Survey Data

Reg No

50020085


Rating

Regional


Categories of Special Interest

Architectural


Original Use

House


In Use As

Restaurant


Date

1800 - 1820


Coordinates

315568, 234051


Date Recorded

09/03/2015


Date Updated

--/--/--


Description

Attached two-bay four-storey over basement former house, built c.1810, now in use as restaurant and offices with recent shopfront to front (south) elevation. M-profile pitched slate roof and additional hipped slate roof to rear, with rendered chimneystacks having clay pots and yellow brick parapet with granite coping. Yellow brick, laid in Flemish bond, to wall to front. Square-headed window openings with granite sills, raised render reveals and six-over-three pane and six-over-six pane timber sliding sash windows.

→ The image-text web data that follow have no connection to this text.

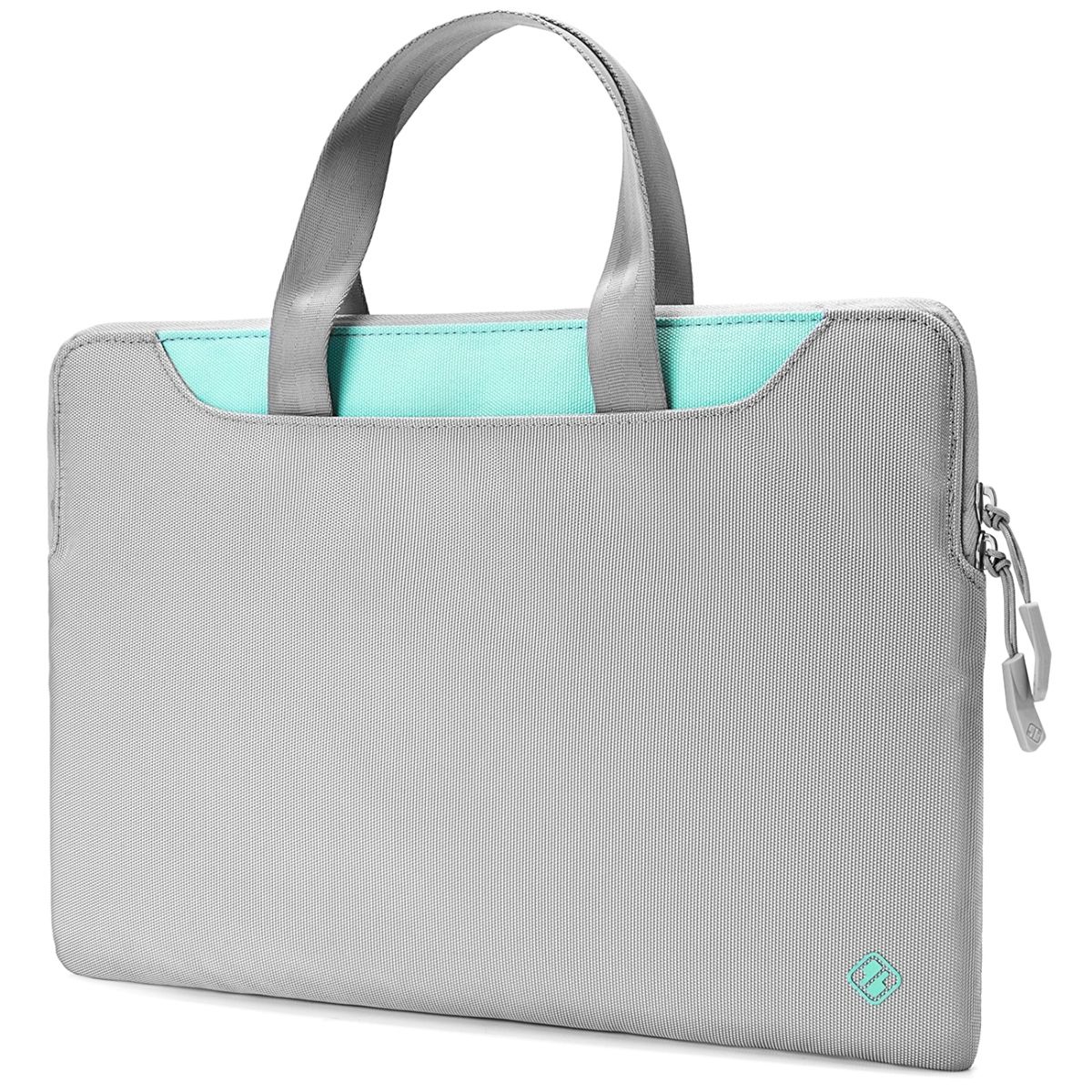 TOMTOC - Tomtoc Funda A21 para Macbook de 13''-Gris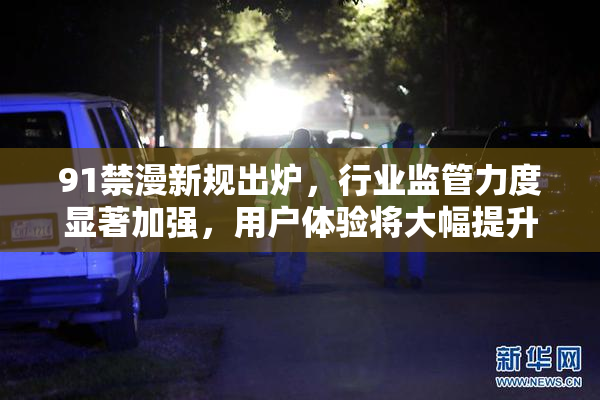 91禁漫新规出炉，行业监管力度显著加强，用户体验将大幅提升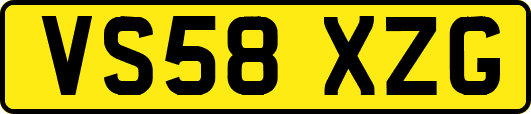 VS58XZG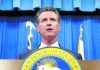 California governor signs bill on presidential tax returns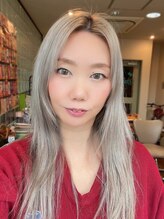 バッカス(BACCHUS)&nbsp;りーさん 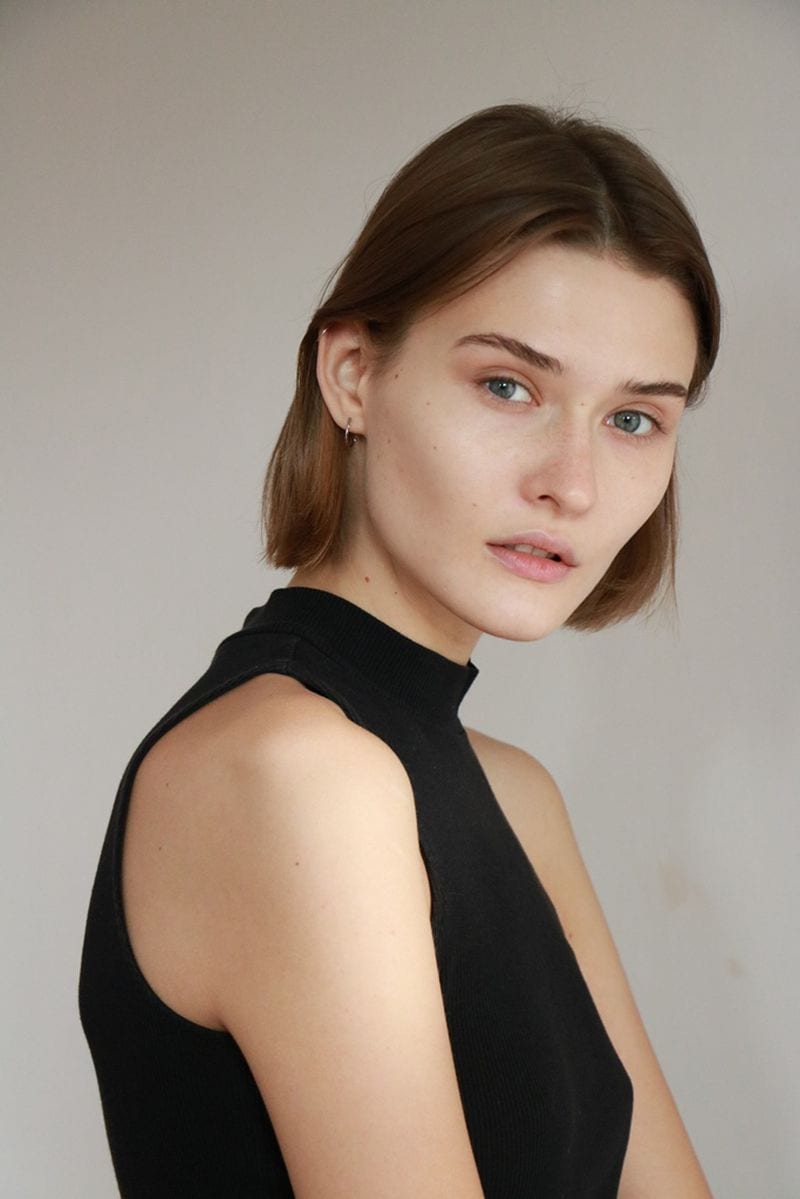 Vitalina Starchenko — photo 1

Recent metal and glazed shopfront with recent aluminium-clad door to east.

Appraisal

This building makes a subtle but positive contribution to the streetscape. The yellow brick facade in traditional Flemish bond is of good quality, and along with historic timber sliding sash windows, contributes to the patina of age evident in the building and to the Georgian character of the north side of Dame Street. The graduated fenestration pattern is also characteristic of its period. The upper floors retain a stately and refined appearance in keeping with the street's historical civic importance, as the former main thoroughfare between the former House of Parliament and Dublin Castle. Dame Street, which derives its name from a dam which powered a mill on the River Poddle, was one of the principal streets in the city by the eighteenth century, and in the latter decades of the century was significantly widened and remodelled by the Wide Streets Commissioners.